ASSIGNMENT =>
Below this line are records; write out exactly the lines from the one containing "Iphone 11 black 64gb 2 months Esim time 6" through the one containing "Besonders schöner und", with the pictures left out.

EXTRACTED MATERIAL =>
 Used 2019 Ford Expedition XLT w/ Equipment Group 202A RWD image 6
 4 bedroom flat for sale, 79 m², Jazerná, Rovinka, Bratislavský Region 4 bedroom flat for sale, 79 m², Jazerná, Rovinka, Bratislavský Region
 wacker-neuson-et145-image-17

* * *

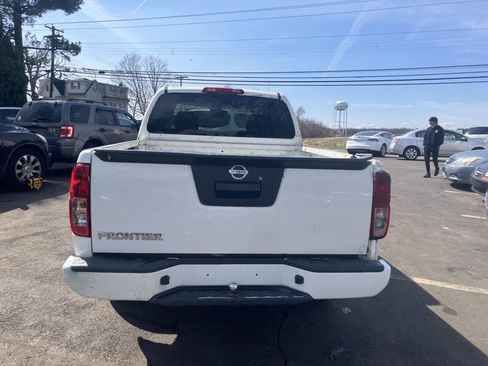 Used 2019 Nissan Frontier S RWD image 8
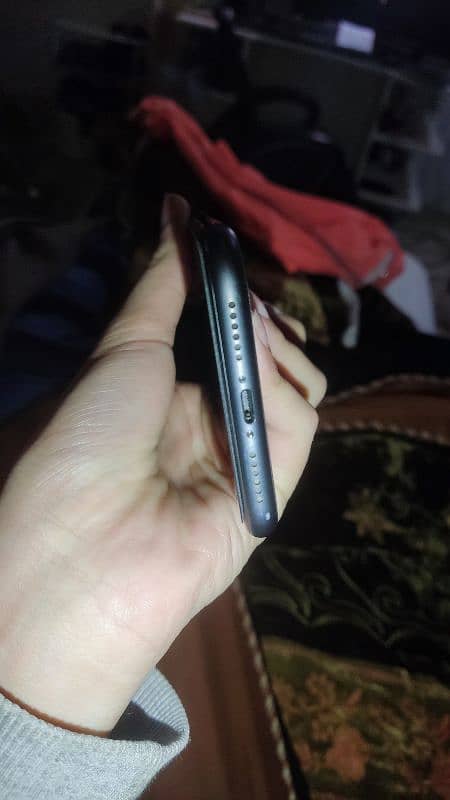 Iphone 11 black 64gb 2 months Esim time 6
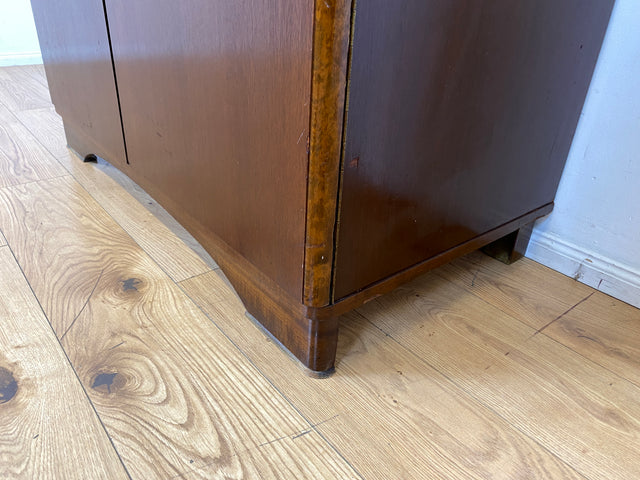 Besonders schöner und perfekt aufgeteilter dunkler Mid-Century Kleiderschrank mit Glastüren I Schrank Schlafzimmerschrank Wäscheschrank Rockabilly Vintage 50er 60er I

FINISHED TASK =>
 Iphone 11 black 64gb 2 months Esim time 6
 Besonders schöner und perfekt aufgeteilter dunkler Mid-Century Kleiderschrank mit Glastüren I Schrank Schlafzimmerschrank Wäscheschrank Rockabilly Vintage 50er 60er I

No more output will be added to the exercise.